Dann die Enttäuschung: „Seit 7 Jahren habe ich keinen Fehler gemacht in diesem Land“, sagt Muhamad. „Ich wollte mich integrieren.“ Hinter der Tür im Wohnzimmer steht eine Sporttasche. Sie ist voller Deutschbücher. Neben der Fernbedienung auf dem Wohnzimmertisch liegt ein gelbes Wörterbuch, Arabisch-Deutsch. Ihre Stimme wird lauter und noch etwas rauer als sonst: „Ich habe keine Schuld. Ich wollte nur einen besseren Platz zum Leben. Aber wo ist meine Freiheit? Ich weiß es nicht. Ich weiß nicht, was ich morgen tun werde. Ich weiß nicht, wer ich bin. Ich kann mich nicht entwickeln.“

Stattdessen entwickelte sich in ihr etwas: Zukunftsangst, körperliche und mentale Erschöpfung, Verzweiflung – das, was sie meint, wenn sie von ihrer kranken Seele spricht.

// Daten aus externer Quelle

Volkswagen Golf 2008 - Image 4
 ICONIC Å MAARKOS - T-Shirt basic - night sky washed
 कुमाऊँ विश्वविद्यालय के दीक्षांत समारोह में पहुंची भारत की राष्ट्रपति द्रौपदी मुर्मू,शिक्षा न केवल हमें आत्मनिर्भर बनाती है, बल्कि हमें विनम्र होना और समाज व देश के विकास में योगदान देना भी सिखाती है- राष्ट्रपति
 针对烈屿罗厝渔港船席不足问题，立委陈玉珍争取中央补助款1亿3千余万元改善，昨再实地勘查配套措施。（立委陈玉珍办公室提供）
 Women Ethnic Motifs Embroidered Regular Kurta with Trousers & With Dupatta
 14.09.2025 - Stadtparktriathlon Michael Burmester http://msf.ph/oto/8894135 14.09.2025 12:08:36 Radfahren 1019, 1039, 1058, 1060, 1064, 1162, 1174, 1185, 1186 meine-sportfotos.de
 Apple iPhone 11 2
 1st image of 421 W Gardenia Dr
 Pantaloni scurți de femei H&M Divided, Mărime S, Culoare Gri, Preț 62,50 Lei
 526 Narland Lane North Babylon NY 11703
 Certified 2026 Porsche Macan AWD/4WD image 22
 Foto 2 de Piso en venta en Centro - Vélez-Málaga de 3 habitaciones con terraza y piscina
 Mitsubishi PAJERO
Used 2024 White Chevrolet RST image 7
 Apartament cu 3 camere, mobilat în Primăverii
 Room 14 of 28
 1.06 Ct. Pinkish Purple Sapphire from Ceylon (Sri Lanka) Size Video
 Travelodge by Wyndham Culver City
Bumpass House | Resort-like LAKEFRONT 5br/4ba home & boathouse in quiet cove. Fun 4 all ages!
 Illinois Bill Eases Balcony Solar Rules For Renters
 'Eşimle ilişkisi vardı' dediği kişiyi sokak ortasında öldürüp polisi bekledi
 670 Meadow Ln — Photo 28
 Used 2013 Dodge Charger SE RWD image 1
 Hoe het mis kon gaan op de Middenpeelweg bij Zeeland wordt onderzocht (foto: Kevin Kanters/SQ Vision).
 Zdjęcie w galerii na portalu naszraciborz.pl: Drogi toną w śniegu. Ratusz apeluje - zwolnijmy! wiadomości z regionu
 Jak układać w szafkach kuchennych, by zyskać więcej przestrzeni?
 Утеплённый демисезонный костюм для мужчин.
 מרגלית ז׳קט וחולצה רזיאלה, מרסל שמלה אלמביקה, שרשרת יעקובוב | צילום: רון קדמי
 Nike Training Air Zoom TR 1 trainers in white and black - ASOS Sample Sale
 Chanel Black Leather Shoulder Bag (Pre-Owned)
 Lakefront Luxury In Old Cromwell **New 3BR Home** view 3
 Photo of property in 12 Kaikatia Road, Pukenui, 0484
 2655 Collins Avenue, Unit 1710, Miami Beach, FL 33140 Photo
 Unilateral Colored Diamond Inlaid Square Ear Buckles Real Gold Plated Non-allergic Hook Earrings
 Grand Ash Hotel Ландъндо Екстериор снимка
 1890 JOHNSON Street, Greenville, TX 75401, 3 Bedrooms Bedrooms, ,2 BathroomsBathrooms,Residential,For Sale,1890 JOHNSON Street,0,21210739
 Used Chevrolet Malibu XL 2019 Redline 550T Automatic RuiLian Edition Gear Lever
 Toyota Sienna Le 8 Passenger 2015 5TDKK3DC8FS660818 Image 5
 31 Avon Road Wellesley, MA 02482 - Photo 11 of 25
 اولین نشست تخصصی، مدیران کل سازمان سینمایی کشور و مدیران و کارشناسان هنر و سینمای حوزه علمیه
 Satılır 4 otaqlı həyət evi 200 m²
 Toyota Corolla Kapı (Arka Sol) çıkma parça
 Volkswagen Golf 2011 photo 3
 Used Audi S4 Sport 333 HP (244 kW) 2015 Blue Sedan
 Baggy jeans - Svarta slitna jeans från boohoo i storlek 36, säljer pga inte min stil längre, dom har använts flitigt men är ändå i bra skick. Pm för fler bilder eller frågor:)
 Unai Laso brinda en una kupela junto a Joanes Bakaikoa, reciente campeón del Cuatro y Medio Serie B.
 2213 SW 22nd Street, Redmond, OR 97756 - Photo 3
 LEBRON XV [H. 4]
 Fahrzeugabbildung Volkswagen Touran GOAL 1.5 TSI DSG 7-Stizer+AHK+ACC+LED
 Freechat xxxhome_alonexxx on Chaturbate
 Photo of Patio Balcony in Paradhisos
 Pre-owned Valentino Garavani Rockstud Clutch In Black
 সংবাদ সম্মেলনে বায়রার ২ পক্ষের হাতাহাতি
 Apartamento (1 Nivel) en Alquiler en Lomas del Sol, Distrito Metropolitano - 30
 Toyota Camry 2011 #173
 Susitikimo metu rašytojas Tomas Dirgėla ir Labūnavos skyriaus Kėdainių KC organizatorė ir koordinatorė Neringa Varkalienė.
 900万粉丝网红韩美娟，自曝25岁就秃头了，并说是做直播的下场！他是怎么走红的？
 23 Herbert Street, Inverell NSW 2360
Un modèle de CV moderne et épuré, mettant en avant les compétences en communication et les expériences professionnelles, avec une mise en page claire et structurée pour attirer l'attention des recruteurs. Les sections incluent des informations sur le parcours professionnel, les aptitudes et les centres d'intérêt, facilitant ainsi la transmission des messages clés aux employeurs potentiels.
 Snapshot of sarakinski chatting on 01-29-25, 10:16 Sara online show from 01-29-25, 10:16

An einem Sonntag im September 2008 kam der Nervenzusammenbruch. Sie arbeitete noch im Internetcafé ihres Bruders. Von 10 bis 23 Uhr, wie jeden Tag. Der Laden lief schlecht, es war klar, dass er ihn würde schließen müssen. Sorgen, Verzweiflung, Tränen. Am Abend ging sie ins Schwabinger Krankenhaus. Der Allgemeinarzt dort konnte ihr nicht helfen. Er gab ihr zwei Schmerztabletten und schickte sie weg, erzählt sie mit zitternder Stimme: „Er hat hart mit mir gesprochen.“ In den Laden wollte sie nicht zurückgehen. Zu ihrem Bruder auch nicht. Irgendwie gelangte sie in eine U-Bahnstation. Wohl zwei Stunden saß sie da. Sie dachte schon, erzählt sie und ist vor Schluchzen kaum noch zu verstehen, „dass ich mich unter die U-Bahn wegschmeiße.“ Es war eine Gruppe von Kindern, die sie davon abhielt: „Ich konnte nicht so einen schweren Unfall in so viele Kinderköpfe geben. Diese Kinder sollten nicht auch Opfer werden.“

Muhamad nimmt ein Kleenextuch aus der Packung auf dem Wohnzimmertisch. Sie tupft sich die Tränen aus den Augen, atmet tief durch. Sie blickt aus dem Fenster, dem Fenster ohne Gitter, das trotzdem das Fenster einer Gefangenen ist.